PHA is already getting results. Among its most impressive so far: dramatically expanding access to fresh fruits and vegetables in “food deserts,” areas of the country where 23 million people have only convenience stores and fast-food outlets nearby. PHA partners have so far expanded access to more than 500,000 people and opened or renovated 141 stores. They aim to eliminate the food deserts for 10 million Americans by 2016. PHA members have also removed French fries from day care centers and some chain restaurant children’s menus, and started exercise programs for nearly 3 million children.
Why is PHA working? It believes strongly in putting market forces to work to alleviate childhood obesity, but also it does not kowtow to any of its members. Like the best chief executives, PHA expects its members to set concrete goals. It then measures how well they reach them and publishes the results in an annual Progress Report.
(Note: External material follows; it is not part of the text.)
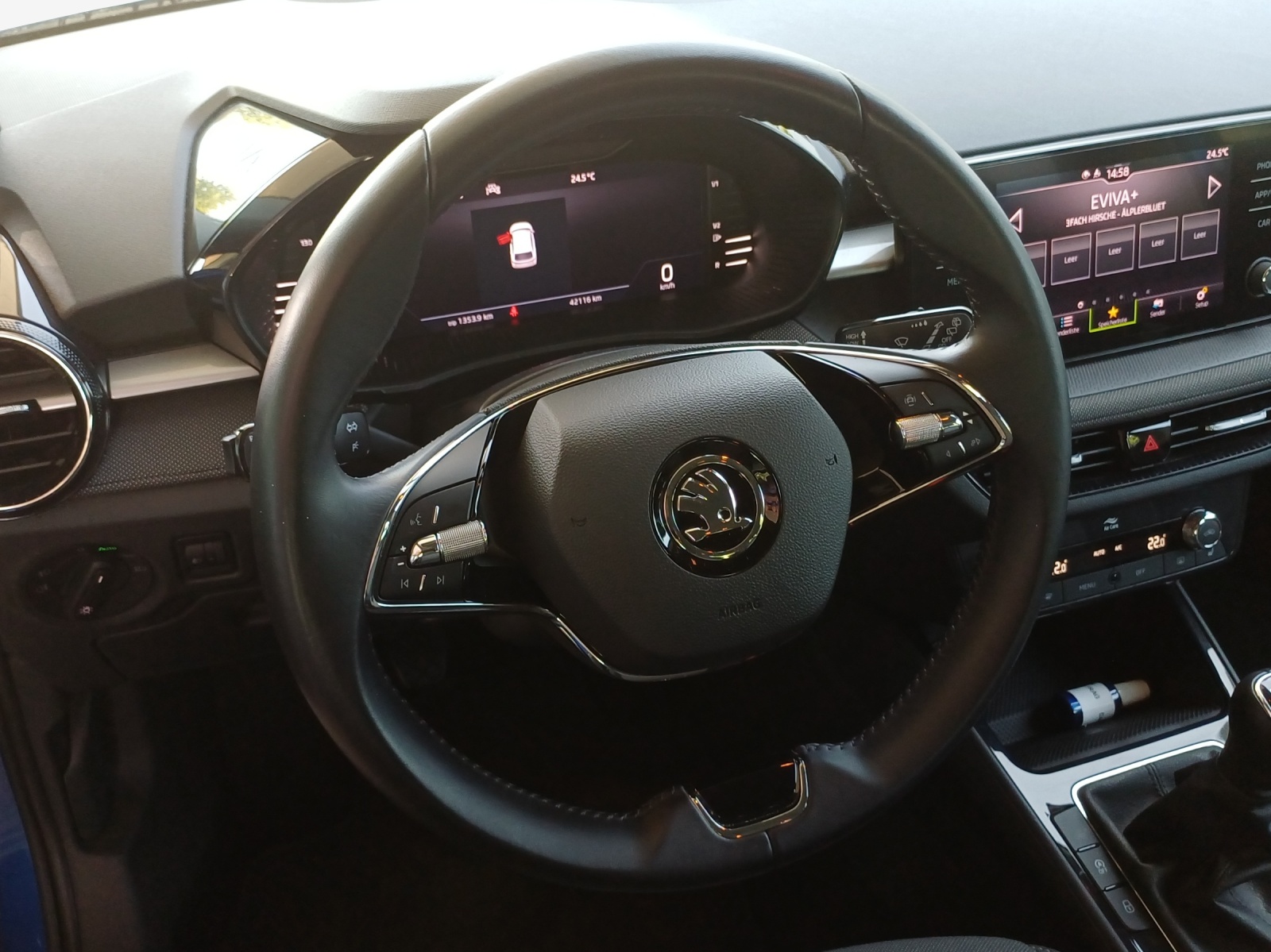 SKODA Fabia 1.0 TSI Ambition-image-9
I observed PHA in action, speaking at its summit in early March, along with Ms. Obama and representatives from health care, the food and restaurant industries, academia, and government. Their approach should be imitated by every industry whose products and practices are under fire, and by activists who want to achieve their goals more quickly. Here are some key lessons from PHA for any industry:
Don’t shame and bludgeon the other side. As we’ve learned from 100 years of activist-vs.-industry wars, when one side is demonized, progress can come to a halt.
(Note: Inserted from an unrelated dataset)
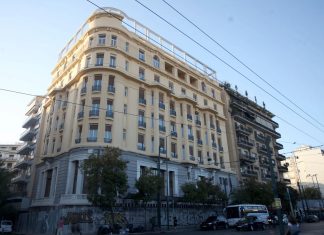 Ανοίγει ξανά το Ακροπόλ στην Πατησίων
For businesses: Acknowledge the problem and address the role that your company may be playing. Major companies like Darden, Wal-Mart, Walgreens, Hyatt, and Birds Eye, as well as other large regional firms, have committed to make real change to help solve the obesity problem through PHA. Across four of its restaurant chains, Darden Restaurants Inc. (an $8 billion company; NYSE: DRI) has established specific nutrition standards for meals that children will enjoy and will simplify their parents’ search for healthier options. Drew Madsen, Darden’s president and chief operating officer, shared with me that “PHA is an effective partner in working with us to deliver greater choice and variety for our guests and helping address childhood obesity and children’s health.”
For the activists: Don’t demonize capitalism; celebrate it. Accepting an industry’s need to increase sales and make a healthy profit will make it far easier to get that industry to listen to you. Few companies can afford to alienate shareholders. But if activists and an industry look for creative solutions to a problem, both sides can get what they want.
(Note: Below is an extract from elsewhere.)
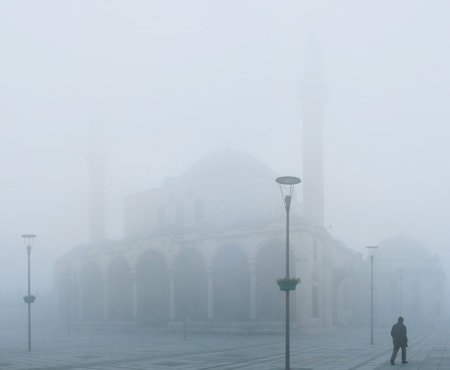 The Selimiye Mosque covered by the hard winter mist, Konya, Turkey.のeditorial素材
For regulators: Don’t mandate change; demonstrate the benefits of it. Gather the facts that show an industry how delivering healthier products will deliver a better bottom line. Fortunately, lower-calorie, better-for-you foods have been shown to deliver higher profit and sales growth for companies. That’s a key selling point in getting food and restaurant companies to shift to them. One PHA partner, Birds Eye, started a campaign that cleverly marketed vegetables to children. The company said sales rose as a result.
Keep a report card to maintain accountability. Set goals that are measurable, realistic, acceptable to both sides, and available to the public. Then track progress. An outside agency tracks PHA member companies’ progress.
PHA’s free-market approach has achieved real results. It’s a playbook that should be read by every industry and activist group that are at war or about to start one.